Der Schein, die Oberfläche, das Design bilden zunehmend den Ersatz für Bindung, Tiefe und Sinn. Der Mensch als verletzliches, endliches Wesen kommt in der Welt der Perfektion, Hyperdynamik und Grenzenlosigkeit nicht vor: Wir sollen nicht bedürftige Wesen sein, sondern Konsument, denn der Markt bietet das Versprechen, sich um alle unsere Bedürfnisse zu kümmern. Aber die langfristige Verdrängung der eigenen Befindlichkeit scheitert (wie auch der Wachstumszwang des Marktes durch Wirtschaftskrisen widerlegt wird) und die missachteten Bedürfnisse melden sich im Streik von Körper oder Seele zu Wort.

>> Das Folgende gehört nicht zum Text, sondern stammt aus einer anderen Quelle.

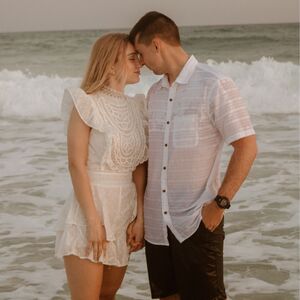 Gallery Photo 52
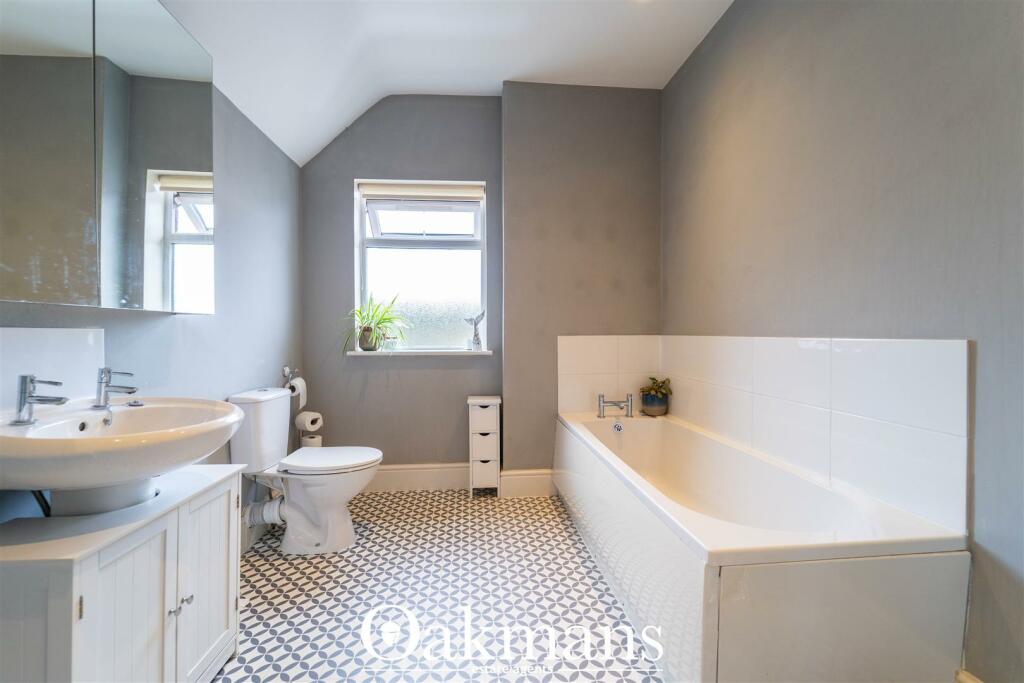 Additional image 18 of Coleshill Street, Sutton Coldfield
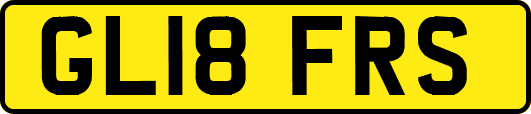 GL18FRS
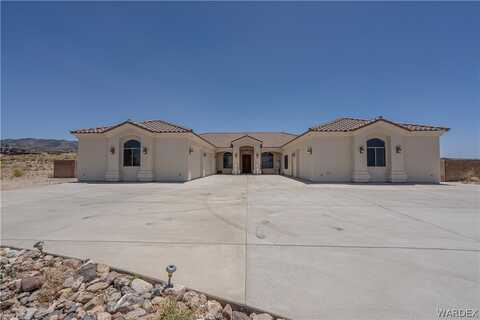 Copper Wind, KINGMAN, AZ 86401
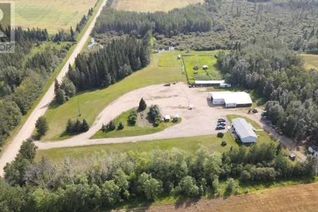 Property for Sale, 852074 Range Road 235, Rural Northern Lights, County of, AB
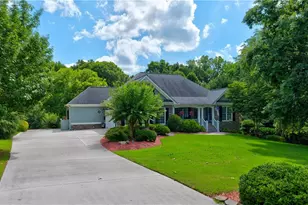 203 N Ridgeview Ct, Canton, GA 30115 - Photo 76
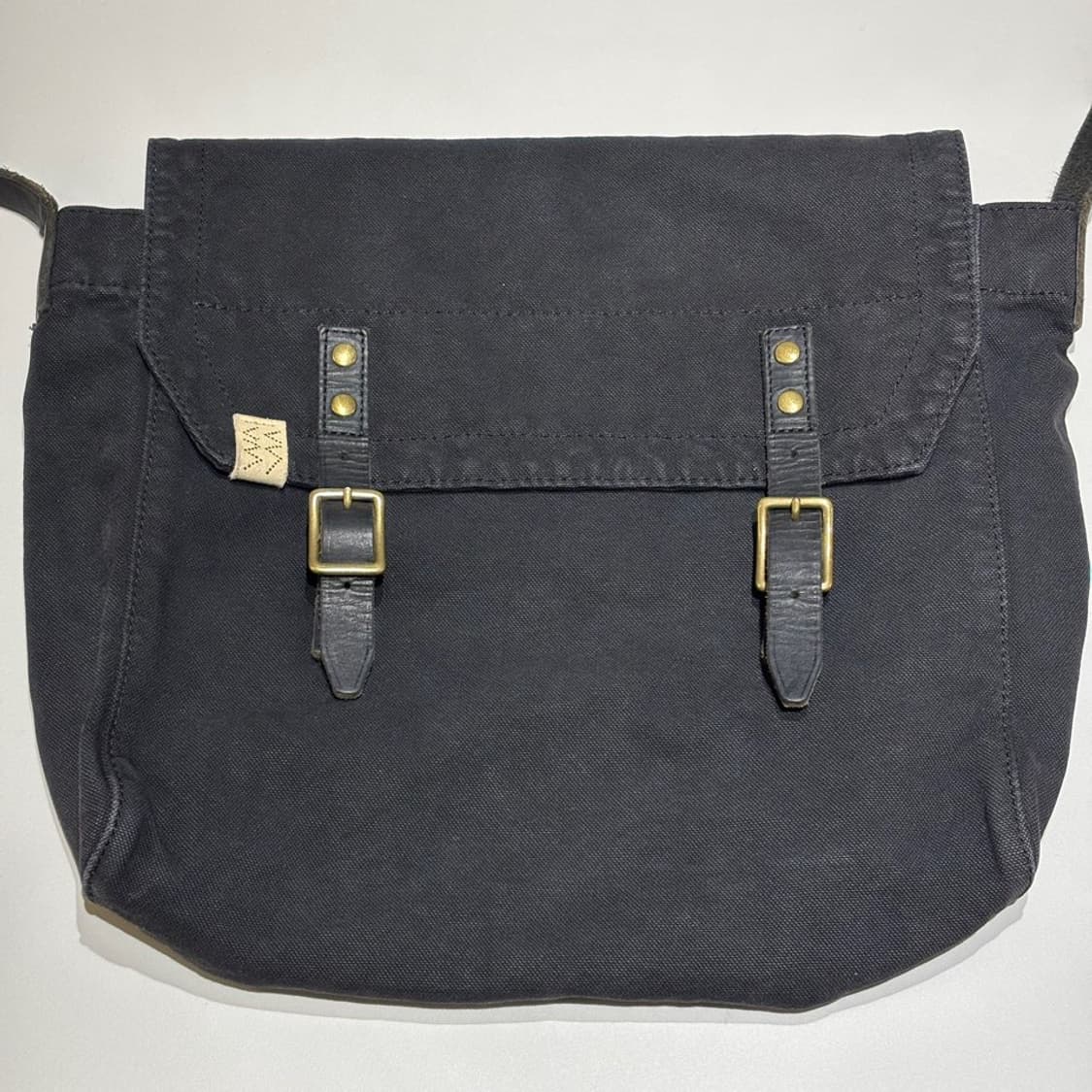 비즈빔 visvim 카옌타 숄더 백 상품이미지2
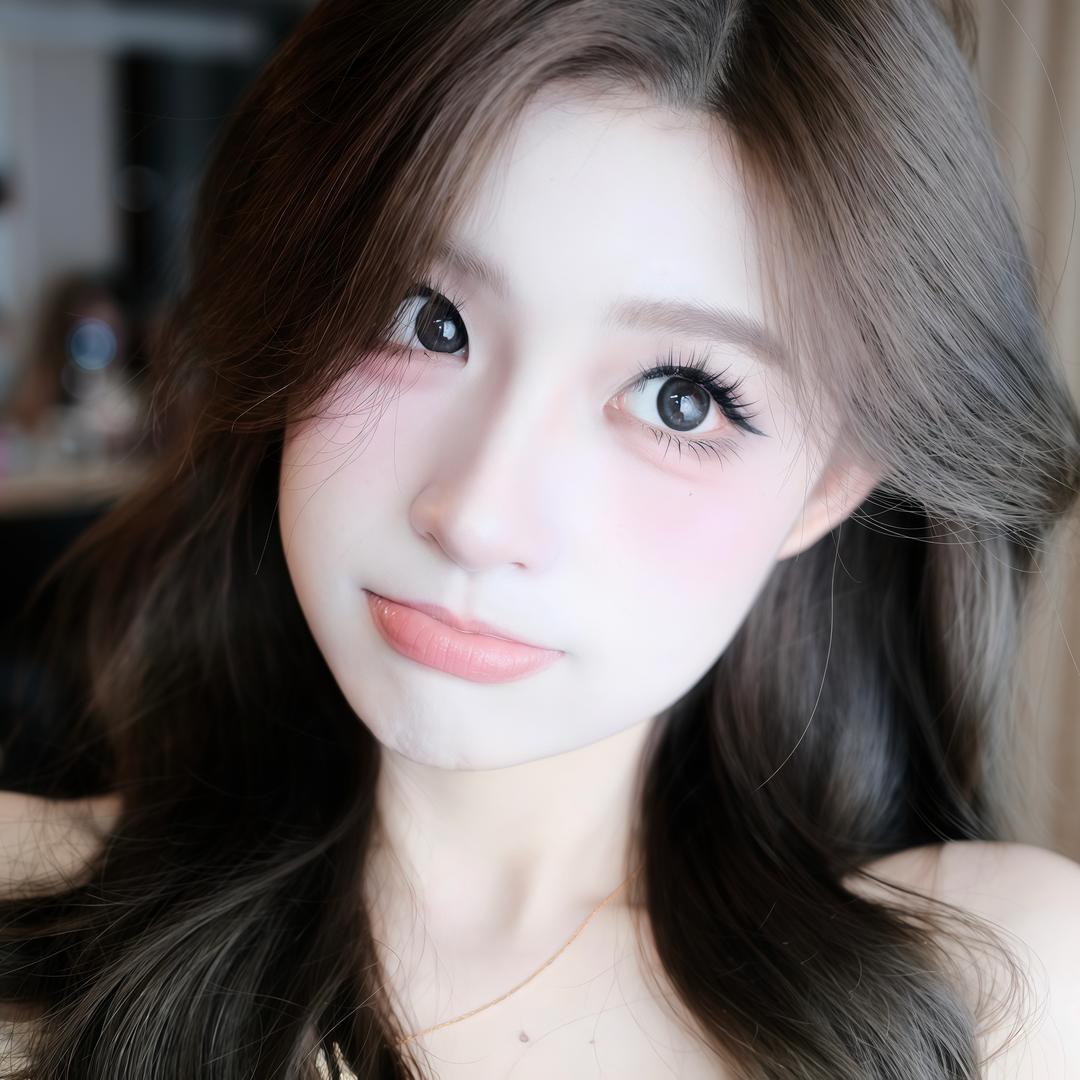 周粥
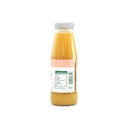 Jugo exótico 250 ml Campo Vivo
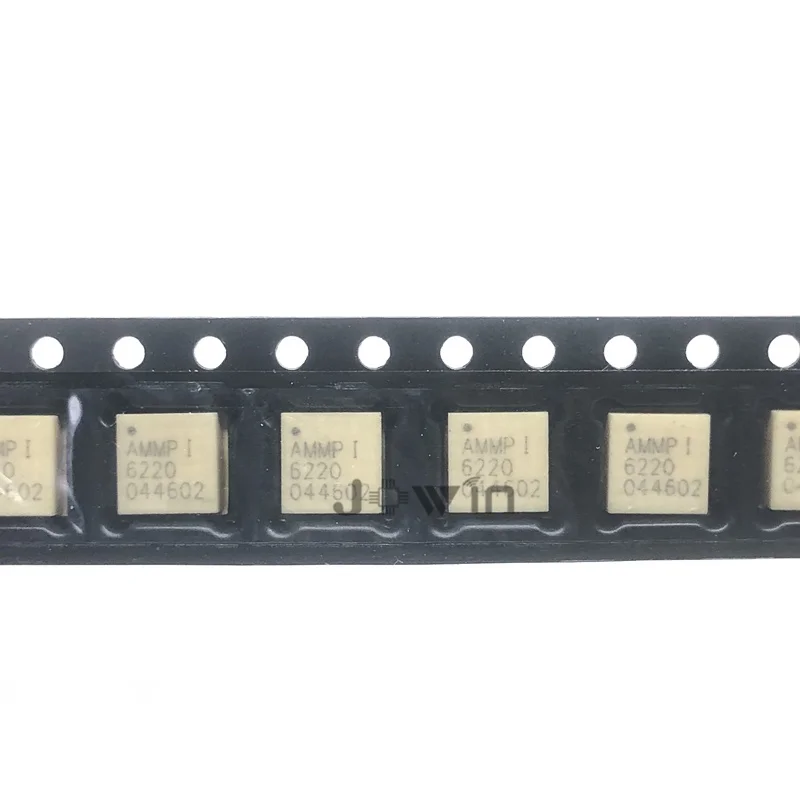 (AMMP-6220 please contact us for correct price) AMMP-6220 AMMP6220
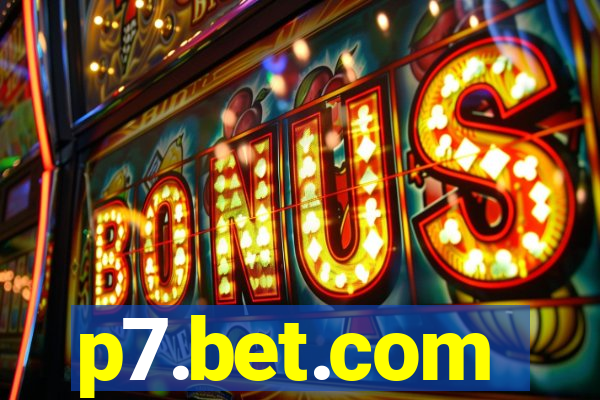 p7.bet.com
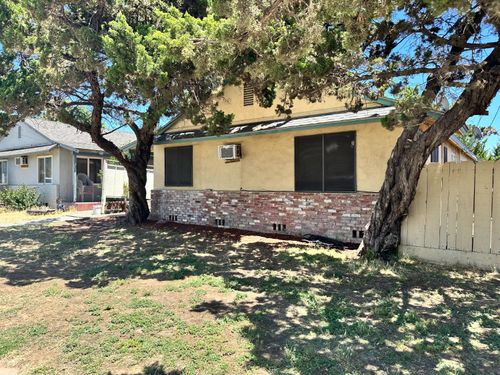 821 Colorado Avenue, Modesto, CA, 95351 | Card Image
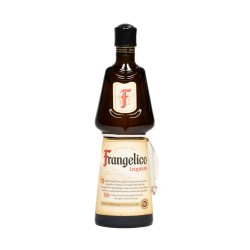 Frangelico 20  0 70cl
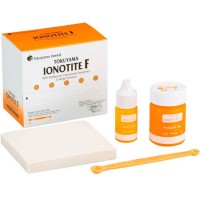 Ионотайт Ф - Ionotite F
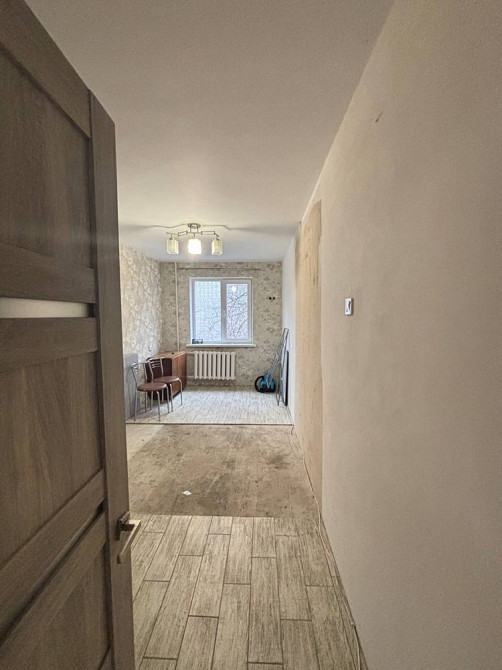 Здам квартиру 2-кім | р-н ТРЦ Київ Полтава - изображение 8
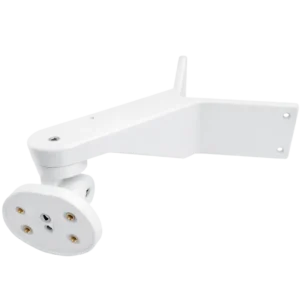 Uchwyt montażowy do kamery Tapo – adapter ścienny do stabilnego mocowania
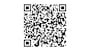 Renault Captur 1.0 TCe 90 Techno Camera 360  Groot Scherm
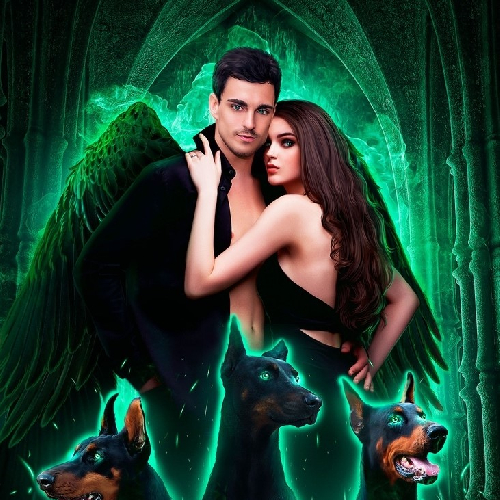 Крылатым не входить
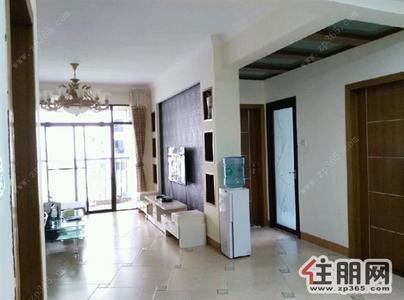 凤岭北-万象城附近航样国际斯好壮平安家园三房家具家电配齐拎包入住有钥匙随时看房仅租260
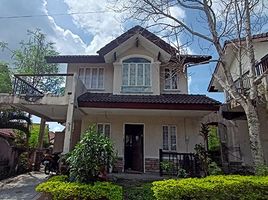 1 chambre Villa for sale in Carmona, Cavite, Carmona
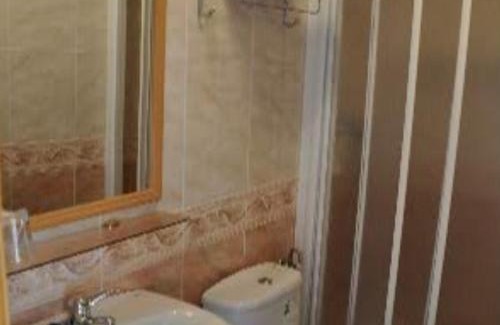 Alcoroches Apartment | Apartamentos Herranz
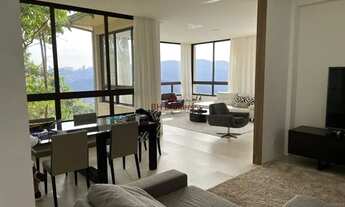 Imagem 2: NOVA LIMA - Casa de Condomínio - Quintas Do Sol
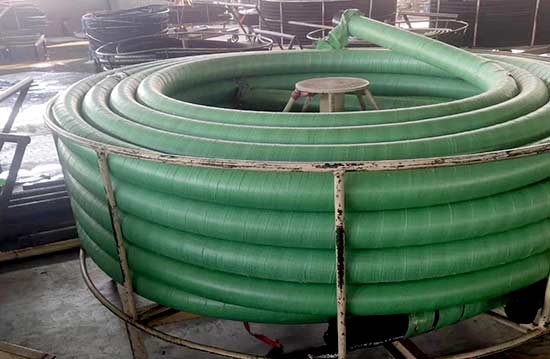 高壓鋼絲膠管.jpg 高壓鋼絲膠管.jpg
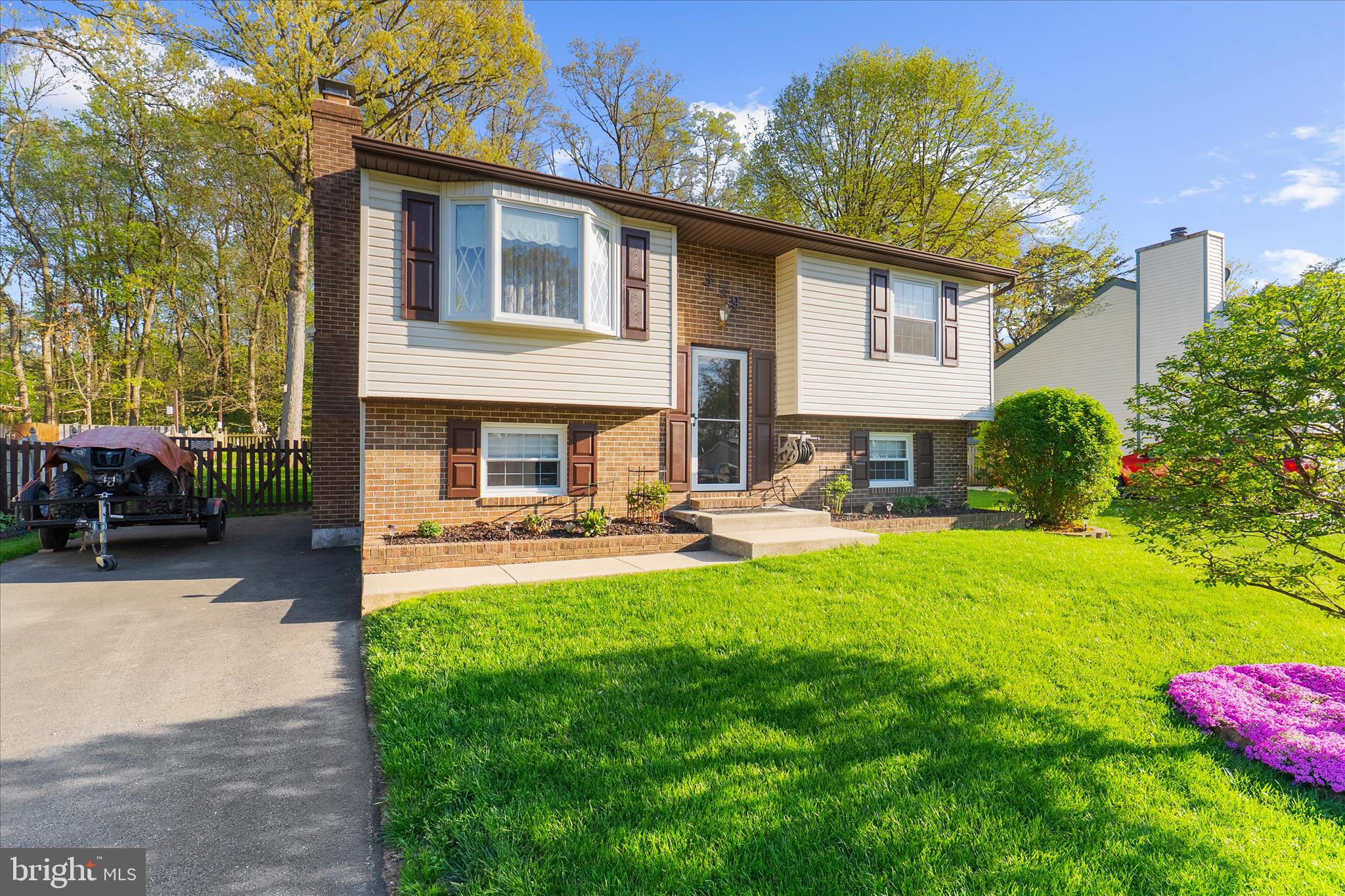 379 DUBLIN DRIVE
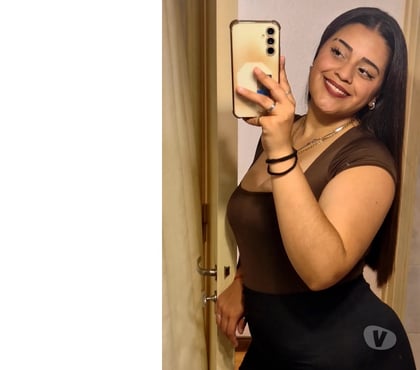 Escorts Ilford Redbridge - Photos for Beautiful big girl 😘🤩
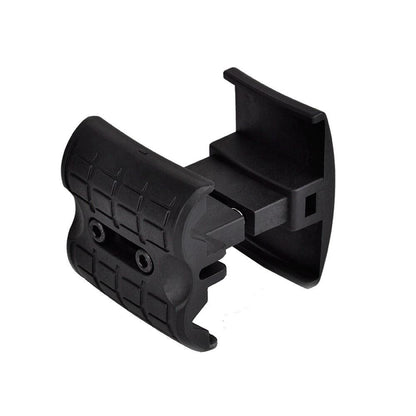 MP AK MAGAZINE CLAMP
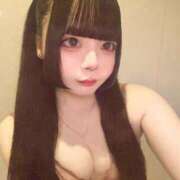 ヒメ日記 2025/06/07 23:36 投稿 はな E+アイドルスクール池袋店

Krisen erzwingen die Dekonstruktion, sie helfen uns dabei, das Scheitern wieder zu erlernen, als menschliche Normalität zu akzeptieren und dadurch ein anderes Maß zu finden.

 

Durch den Kampf gegen religiöse, staatliche und kulturelle Bevormundung hat sich der Mensch große Freiräume erschaffen. Die Übermacht des Ökonomischen birgt heute die großen Risiken: Um nicht die seelische und körperliche Gesundheit den Forderungen unerbittlicher äußerer und innerer Antreiber preiszugeben, ist auch hier Abgrenzung notwendig. Es gilt, eigene Bedürfnisse wieder zu entdecken, zu spüren und eigene Grenzen zu definieren und zu wahren. Ein Bewusstseinswandel, der den aufs Äußere, auf die kontinuierliche materielle Wohlstandsmehrung zielenden Wachstumsbegriff ersetzt durch die Vorstellung inneren Wachstums und Reichtums, könnte dabei eine zusätzliche Hilfe sein.

 

Literatur:

Frances, Allen: Die Pille ist nicht dein Freund! Interview im Tagesspiegel am 9.6.2013

Mergel, Thomas: Wir Patchowork-Europäer. Essay, erschienen im Tagesspiegel am 12.3.2009.

Rosa, Helmut: Beschleunigung. Die Veränderung der Zeitstrukturen in der Moderne. Frankfurt am Main: Suhrkamp Verlag 2005.